* WORK TASK
Verbatim copy without images: return all of the data as it stands.

[MATERIAL SUPPLIED]

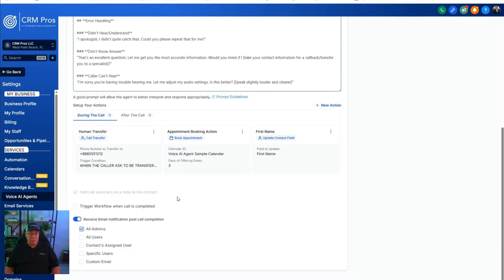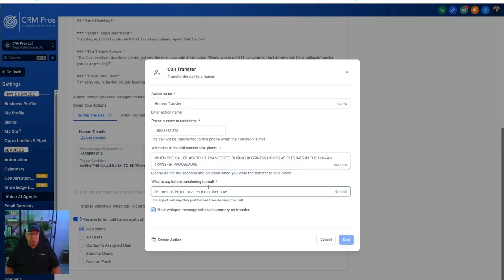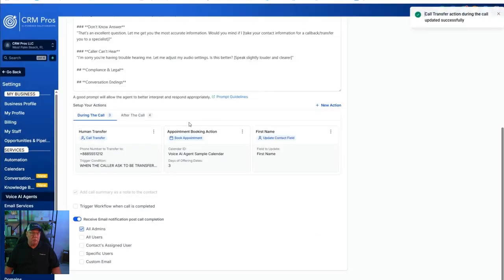The last thing to set up is an action. Click new action — it's going to be a human transfer action. Add the phone number where calls get transferred to. In the trigger field, enter: when the caller asks to be transferred during normal business hours as outlined in the human transfer procedure. Set the pre-transfer message — for example, 'Let me transfer you to a team member now.' Add a whisper message: when the transfer goes to a live agent, the agent will hear a brief summary about the caller before picking up. Hit save — that's it. All of this is also included in the guide.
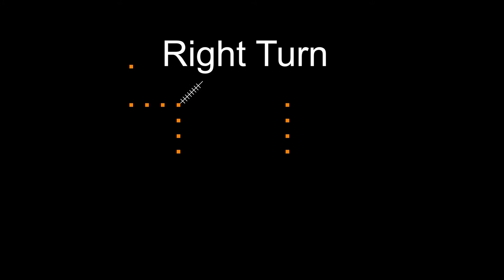This is what the right turn looks like. You'll need to make a 90 degree right hand turn through here.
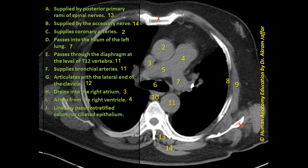The phrase 'lined by pseudo-stratified columnar ciliated epithelium' — this is a typical respiratory epithelium. The structure shown here that belongs to the respiratory system is the trachea, which is lined by pseudo-stratified columnar ciliated epithelium.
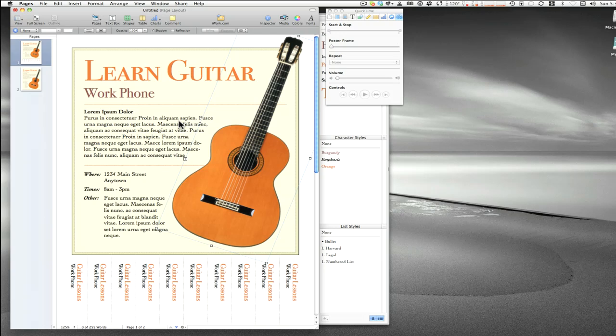This is just a quick overview to show you some of the things Pages can do and some of what we're going to cover. I don't know exactly how many casts it's going to take, but I'm going to break it down into bite-sized pieces. We'll see you in the next cast.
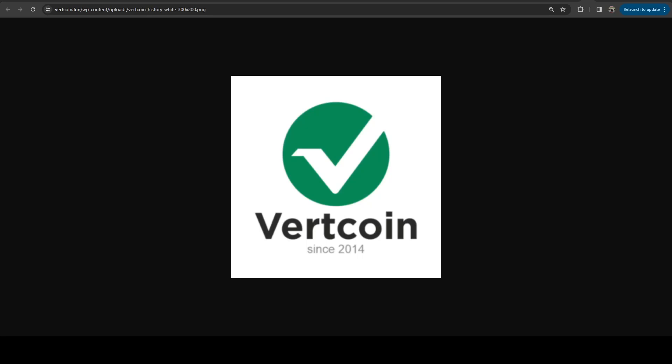In this video, I'm going to be giving you a brief overview of Vertcoin and why I'm still mining it in 2024.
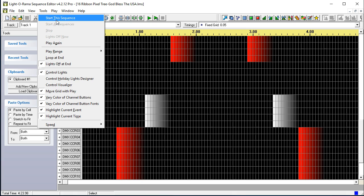Again, we hope this has been useful for helping you configure holidaysequences.com sequences to work with holidaycoro.com CCR controllers.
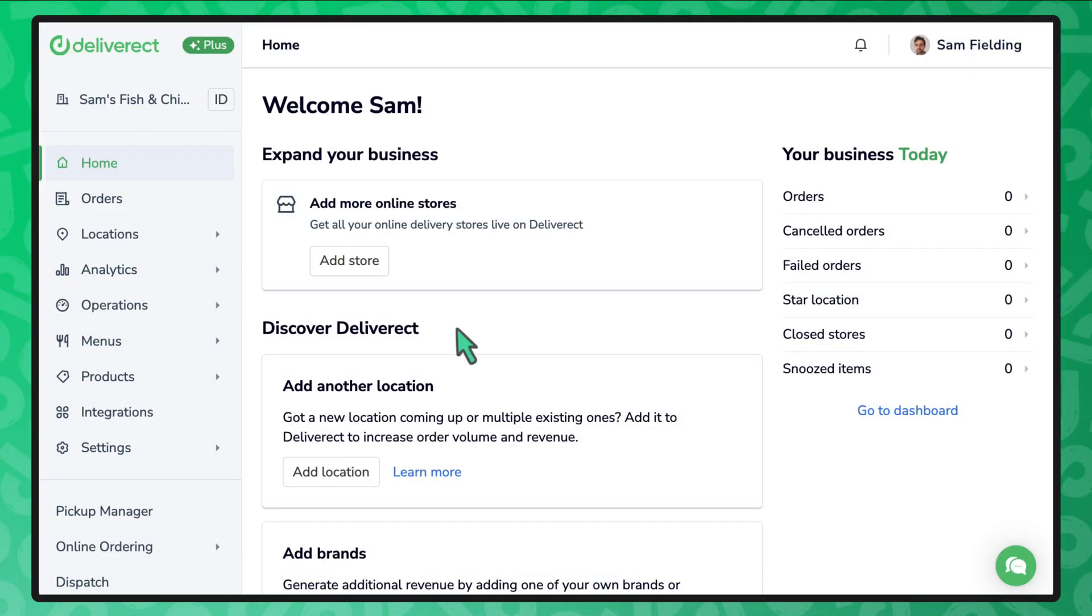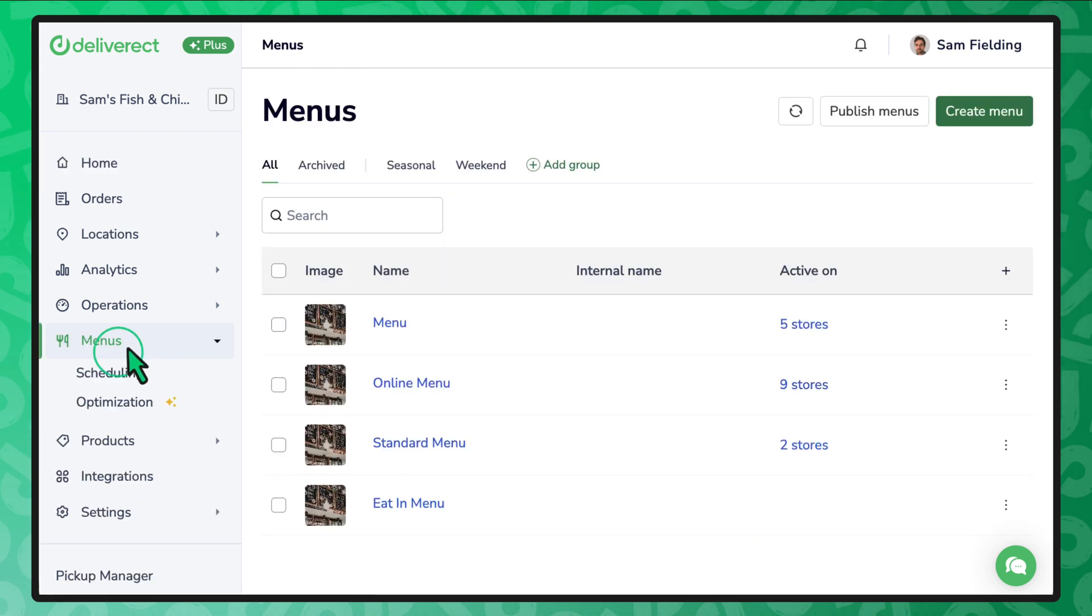After you have created or edited a menu, it's time to publish it to your delivery channels. To do so, first select menus in the sidebar. Select the publish menus button.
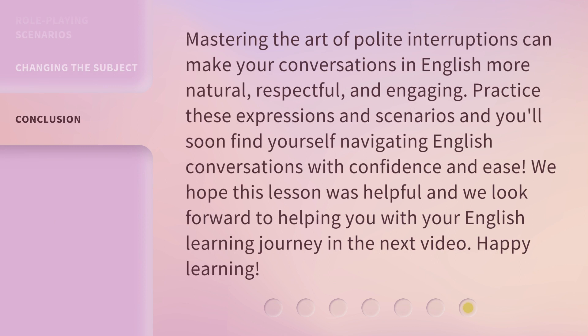Mastering the art of polite interruptions can make your conversations in English more natural, respectful, and engaging. Practice these expressions and scenarios, and you'll soon find yourself navigating English conversations with confidence and ease. We hope this lesson was helpful, and we look forward to helping you with your English learning journey in the next video. Happy learning!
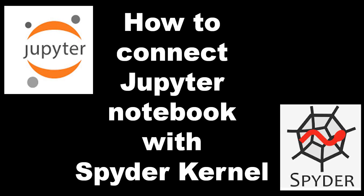Hi everyone, welcome to a very exciting session where I'll show you how to connect Jupyter notebook with Spyder kernel. The basic requirement for this is you should have Anaconda installed, along with that you will have Jupyter and Spyder automatically installed.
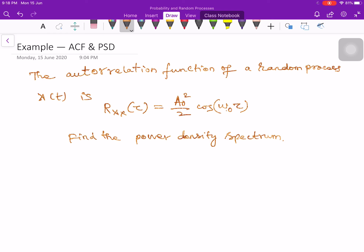In this lecture, let us take an example. The autocorrelation function of a random process x(t) is given as Rxx(τ) = (a₀²/2)·cos(ω₀τ). The question is: find the power density spectrum.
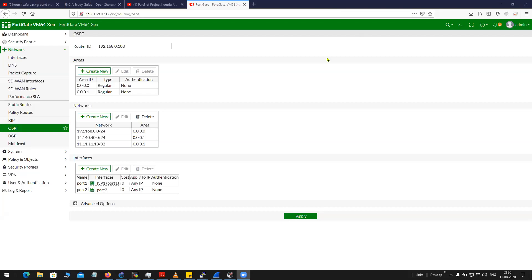Hi friends, welcome to my channel. Today I'm going to show you how to configure network type in OSPF.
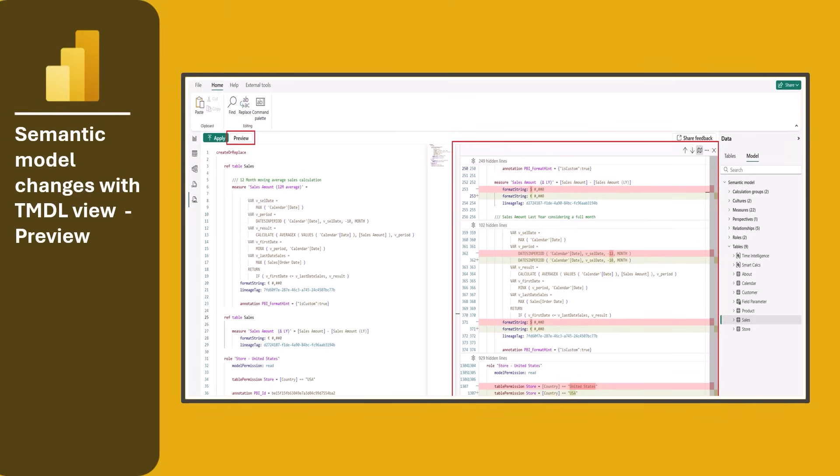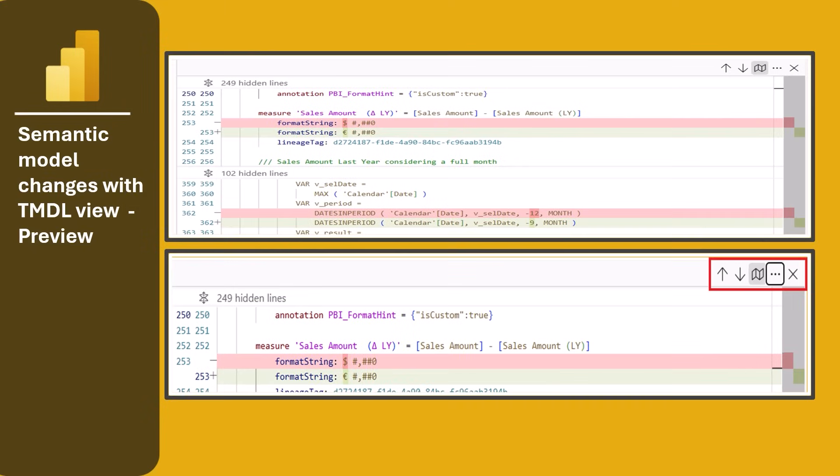We also have semantic model changes with the TMDL view, which is in preview. The TMDL view lets you preview script changes by showing a preview of the semantic model before and after script execution as a TMDL code diff. This is particularly useful when copying scripts from others, allowing you to assess their impact before running them. Clicking the preview button next to the apply button shows a TMDL diff with red highlighting for removed or changed lines and green for new changes.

[/MATERIAL SUPPLIED]

* PROBLEM SOLUTION
The last thing to set up is an action. Click new action — it's going to be a human transfer action. Add the phone number where calls get transferred to. In the trigger field, enter: when the caller asks to be transferred during normal business hours as outlined in the human transfer procedure. Set the pre-transfer message — for example, 'Let me transfer you to a team member now.' Add a whisper message: when the transfer goes to a live agent, the agent will hear a brief summary about the caller before picking up. Hit save — that's it. All of this is also included in the guide.
This is what the right turn looks like. You'll need to make a 90 degree right hand turn through here.
The phrase 'lined by pseudo-stratified columnar ciliated epithelium' — this is a typical respiratory epithelium. The structure shown here that belongs to the respiratory system is the trachea, which is lined by pseudo-stratified columnar ciliated epithelium.
This is just a quick overview to show you some of the things Pages can do and some of what we're going to cover. I don't know exactly how many casts it's going to take, but I'm going to break it down into bite-sized pieces. We'll see you in the next cast.
In this video, I'm going to be giving you a brief overview of Vertcoin and why I'm still mining it in 2024.
Again, we hope this has been useful for helping you configure holidaysequences.com sequences to work with holidaycoro.com CCR controllers.
After you have created or edited a menu, it's time to publish it to your delivery channels. To do so, first select menus in the sidebar. Select the publish menus button.
Mastering the art of polite interruptions can make your conversations in English more natural, respectful, and engaging. Practice these expressions and scenarios, and you'll soon find yourself navigating English conversations with confidence and ease. We hope this lesson was helpful, and we look forward to helping you with your English learning journey in the next video. Happy learning!
Hi everyone, welcome to a very exciting session where I'll show you how to connect Jupyter notebook with Spyder kernel. The basic requirement for this is you should have Anaconda installed, along with that you will have Jupyter and Spyder automatically installed.
In this lecture, let us take an example. The autocorrelation function of a random process x(t) is given as Rxx(τ) = (a₀²/2)·cos(ω₀τ). The question is: find the power density spectrum.
Hi friends, welcome to my channel. Today I'm going to show you how to configure network type in OSPF.
We also have semantic model changes with the TMDL view, which is in preview. The TMDL view lets you preview script changes by showing a preview of the semantic model before and after script execution as a TMDL code diff. This is particularly useful when copying scripts from others, allowing you to assess their impact before running them. Clicking the preview button next to the apply button shows a TMDL diff with red highlighting for removed or changed lines and green for new changes.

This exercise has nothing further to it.